***** Available data *****

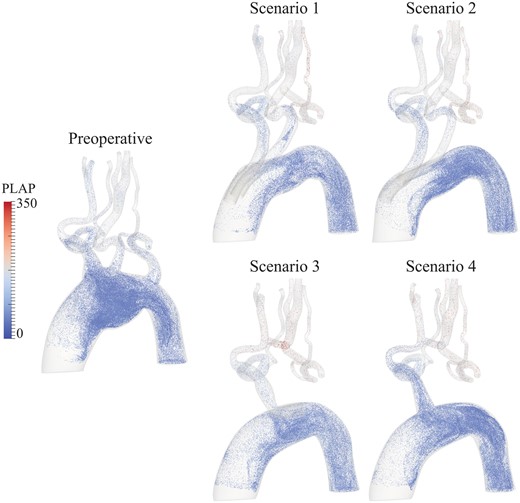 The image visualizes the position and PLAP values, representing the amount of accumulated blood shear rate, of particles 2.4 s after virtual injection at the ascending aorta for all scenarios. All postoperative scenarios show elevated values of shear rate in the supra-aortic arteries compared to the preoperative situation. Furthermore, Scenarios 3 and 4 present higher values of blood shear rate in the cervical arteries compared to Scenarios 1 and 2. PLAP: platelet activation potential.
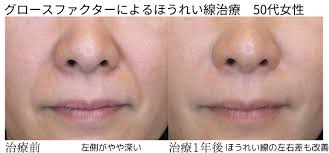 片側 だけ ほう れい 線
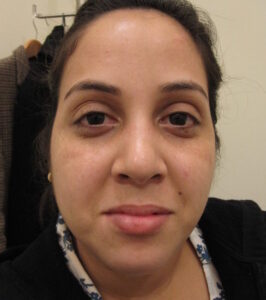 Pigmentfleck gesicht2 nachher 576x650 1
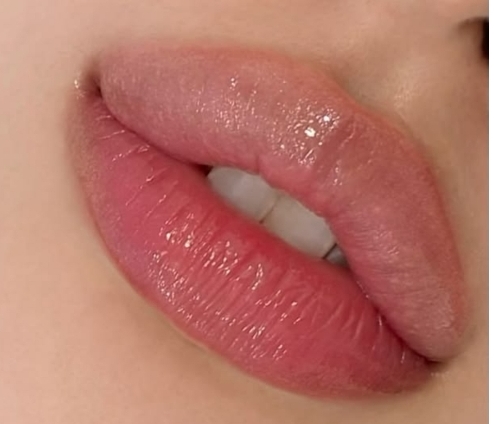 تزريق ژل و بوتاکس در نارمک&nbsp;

*****
***** Available data *****

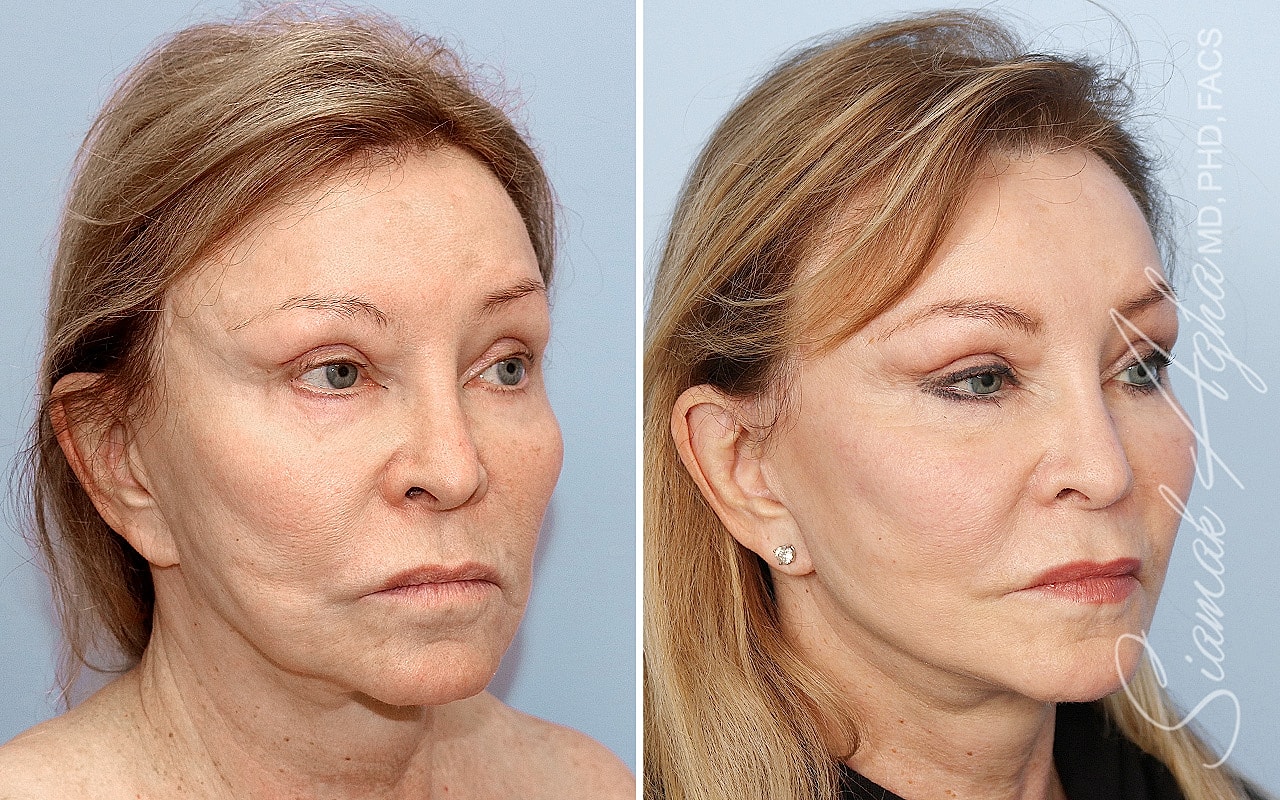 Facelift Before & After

*****

▸ **Problem**: Starting at the line above that has "Pigmentfleck gesicht2 nachher 576x650 1" and ending at the line that has "تزريق ژل و بوتاکس در نارمک&nbsp;", copy each line exactly, leaving the pictures out and adding nothing.

▸ **Task answer**:
 Pigmentfleck gesicht2 nachher 576x650 1
 تزريق ژل و بوتاکس در نارمک&nbsp;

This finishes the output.